[Opening Supplied entries section]
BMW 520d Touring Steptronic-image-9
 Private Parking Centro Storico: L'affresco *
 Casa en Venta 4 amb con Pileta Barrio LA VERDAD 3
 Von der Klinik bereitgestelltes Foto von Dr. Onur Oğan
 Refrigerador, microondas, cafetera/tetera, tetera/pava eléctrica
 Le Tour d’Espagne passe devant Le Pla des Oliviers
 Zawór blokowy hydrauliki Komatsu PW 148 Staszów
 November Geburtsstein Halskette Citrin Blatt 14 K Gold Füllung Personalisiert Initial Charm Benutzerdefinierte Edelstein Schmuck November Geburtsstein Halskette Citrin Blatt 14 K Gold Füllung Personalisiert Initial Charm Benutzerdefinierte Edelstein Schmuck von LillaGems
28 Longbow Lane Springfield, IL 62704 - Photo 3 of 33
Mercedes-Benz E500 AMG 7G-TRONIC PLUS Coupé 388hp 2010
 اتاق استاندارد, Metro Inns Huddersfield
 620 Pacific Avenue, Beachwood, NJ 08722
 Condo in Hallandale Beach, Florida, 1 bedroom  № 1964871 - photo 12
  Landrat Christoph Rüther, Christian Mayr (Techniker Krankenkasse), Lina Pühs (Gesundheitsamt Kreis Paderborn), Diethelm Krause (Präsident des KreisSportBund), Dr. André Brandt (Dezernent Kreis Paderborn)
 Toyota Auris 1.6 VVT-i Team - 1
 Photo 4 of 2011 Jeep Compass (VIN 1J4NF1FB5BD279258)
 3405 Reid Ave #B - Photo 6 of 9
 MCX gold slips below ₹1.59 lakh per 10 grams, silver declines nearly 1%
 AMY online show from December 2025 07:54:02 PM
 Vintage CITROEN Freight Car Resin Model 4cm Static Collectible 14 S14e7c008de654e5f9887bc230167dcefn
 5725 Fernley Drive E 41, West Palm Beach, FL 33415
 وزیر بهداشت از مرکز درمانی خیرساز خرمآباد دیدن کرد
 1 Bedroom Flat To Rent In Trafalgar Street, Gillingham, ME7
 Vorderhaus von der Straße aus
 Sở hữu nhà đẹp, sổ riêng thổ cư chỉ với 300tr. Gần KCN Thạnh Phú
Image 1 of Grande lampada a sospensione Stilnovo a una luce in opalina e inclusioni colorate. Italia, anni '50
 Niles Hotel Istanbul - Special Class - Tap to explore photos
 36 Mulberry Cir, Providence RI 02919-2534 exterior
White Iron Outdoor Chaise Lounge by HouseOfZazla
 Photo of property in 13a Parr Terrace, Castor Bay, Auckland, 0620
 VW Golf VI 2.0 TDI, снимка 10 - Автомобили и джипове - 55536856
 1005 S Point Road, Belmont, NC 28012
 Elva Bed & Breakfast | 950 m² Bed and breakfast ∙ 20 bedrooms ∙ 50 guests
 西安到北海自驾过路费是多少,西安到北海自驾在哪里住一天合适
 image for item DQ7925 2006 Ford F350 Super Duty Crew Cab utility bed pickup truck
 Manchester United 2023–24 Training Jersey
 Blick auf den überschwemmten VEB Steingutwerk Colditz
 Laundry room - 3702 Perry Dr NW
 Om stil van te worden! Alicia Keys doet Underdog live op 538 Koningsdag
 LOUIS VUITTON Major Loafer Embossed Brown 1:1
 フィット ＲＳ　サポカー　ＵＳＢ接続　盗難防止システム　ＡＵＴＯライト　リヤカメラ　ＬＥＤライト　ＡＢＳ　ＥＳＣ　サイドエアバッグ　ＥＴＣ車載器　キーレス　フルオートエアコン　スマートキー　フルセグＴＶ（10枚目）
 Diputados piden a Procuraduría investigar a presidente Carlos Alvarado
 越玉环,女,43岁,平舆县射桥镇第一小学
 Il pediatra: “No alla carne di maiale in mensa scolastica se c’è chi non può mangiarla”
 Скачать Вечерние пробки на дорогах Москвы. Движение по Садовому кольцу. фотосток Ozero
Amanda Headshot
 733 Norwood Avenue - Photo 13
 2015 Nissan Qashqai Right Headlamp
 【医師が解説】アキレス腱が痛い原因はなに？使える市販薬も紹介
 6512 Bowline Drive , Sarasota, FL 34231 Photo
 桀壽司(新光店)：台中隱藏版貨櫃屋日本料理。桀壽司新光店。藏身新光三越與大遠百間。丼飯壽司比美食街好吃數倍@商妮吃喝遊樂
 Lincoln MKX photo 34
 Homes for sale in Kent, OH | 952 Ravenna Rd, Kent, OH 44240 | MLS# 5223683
[Closing Supplied entries section]
What to do:
The records above are to be copied out exactly, line for line.

Task answer:
BMW 520d Touring Steptronic-image-9
 Private Parking Centro Storico: L'affresco *
 Casa en Venta 4 amb con Pileta Barrio LA VERDAD 3
 Von der Klinik bereitgestelltes Foto von Dr. Onur Oğan
 Refrigerador, microondas, cafetera/tetera, tetera/pava eléctrica
 Le Tour d’Espagne passe devant Le Pla des Oliviers
 Zawór blokowy hydrauliki Komatsu PW 148 Staszów
 November Geburtsstein Halskette Citrin Blatt 14 K Gold Füllung Personalisiert Initial Charm Benutzerdefinierte Edelstein Schmuck November Geburtsstein Halskette Citrin Blatt 14 K Gold Füllung Personalisiert Initial Charm Benutzerdefinierte Edelstein Schmuck von LillaGems
28 Longbow Lane Springfield, IL 62704 - Photo 3 of 33
Mercedes-Benz E500 AMG 7G-TRONIC PLUS Coupé 388hp 2010
 اتاق استاندارد, Metro Inns Huddersfield
 620 Pacific Avenue, Beachwood, NJ 08722
 Condo in Hallandale Beach, Florida, 1 bedroom  № 1964871 - photo 12
  Landrat Christoph Rüther, Christian Mayr (Techniker Krankenkasse), Lina Pühs (Gesundheitsamt Kreis Paderborn), Diethelm Krause (Präsident des KreisSportBund), Dr. André Brandt (Dezernent Kreis Paderborn)
 Toyota Auris 1.6 VVT-i Team - 1
 Photo 4 of 2011 Jeep Compass (VIN 1J4NF1FB5BD279258)
 3405 Reid Ave #B - Photo 6 of 9
 MCX gold slips below ₹1.59 lakh per 10 grams, silver declines nearly 1%
 AMY online show from December 2025 07:54:02 PM
 Vintage CITROEN Freight Car Resin Model 4cm Static Collectible 14 S14e7c008de654e5f9887bc230167dcefn
 5725 Fernley Drive E 41, West Palm Beach, FL 33415
 وزیر بهداشت از مرکز درمانی خیرساز خرمآباد دیدن کرد
 1 Bedroom Flat To Rent In Trafalgar Street, Gillingham, ME7
 Vorderhaus von der Straße aus
 Sở hữu nhà đẹp, sổ riêng thổ cư chỉ với 300tr. Gần KCN Thạnh Phú
Image 1 of Grande lampada a sospensione Stilnovo a una luce in opalina e inclusioni colorate. Italia, anni '50
 Niles Hotel Istanbul - Special Class - Tap to explore photos
 36 Mulberry Cir, Providence RI 02919-2534 exterior
White Iron Outdoor Chaise Lounge by HouseOfZazla
 Photo of property in 13a Parr Terrace, Castor Bay, Auckland, 0620
 VW Golf VI 2.0 TDI, снимка 10 - Автомобили и джипове - 55536856
 1005 S Point Road, Belmont, NC 28012
 Elva Bed & Breakfast | 950 m² Bed and breakfast ∙ 20 bedrooms ∙ 50 guests
 西安到北海自驾过路费是多少,西安到北海自驾在哪里住一天合适
 image for item DQ7925 2006 Ford F350 Super Duty Crew Cab utility bed pickup truck
 Manchester United 2023–24 Training Jersey
 Blick auf den überschwemmten VEB Steingutwerk Colditz
 Laundry room - 3702 Perry Dr NW
 Om stil van te worden! Alicia Keys doet Underdog live op 538 Koningsdag
 LOUIS VUITTON Major Loafer Embossed Brown 1:1
 フィット ＲＳ　サポカー　ＵＳＢ接続　盗難防止システム　ＡＵＴＯライト　リヤカメラ　ＬＥＤライト　ＡＢＳ　ＥＳＣ　サイドエアバッグ　ＥＴＣ車載器　キーレス　フルオートエアコン　スマートキー　フルセグＴＶ（10枚目）
 Diputados piden a Procuraduría investigar a presidente Carlos Alvarado
 越玉环,女,43岁,平舆县射桥镇第一小学
 Il pediatra: “No alla carne di maiale in mensa scolastica se c’è chi non può mangiarla”
 Скачать Вечерние пробки на дорогах Москвы. Движение по Садовому кольцу. фотосток Ozero
Amanda Headshot
 733 Norwood Avenue - Photo 13
 2015 Nissan Qashqai Right Headlamp
 【医師が解説】アキレス腱が痛い原因はなに？使える市販薬も紹介
 6512 Bowline Drive , Sarasota, FL 34231 Photo
 桀壽司(新光店)：台中隱藏版貨櫃屋日本料理。桀壽司新光店。藏身新光三越與大遠百間。丼飯壽司比美食街好吃數倍@商妮吃喝遊樂
 Lincoln MKX photo 34
 Homes for sale in Kent, OH | 952 Ravenna Rd, Kent, OH 44240 | MLS# 5223683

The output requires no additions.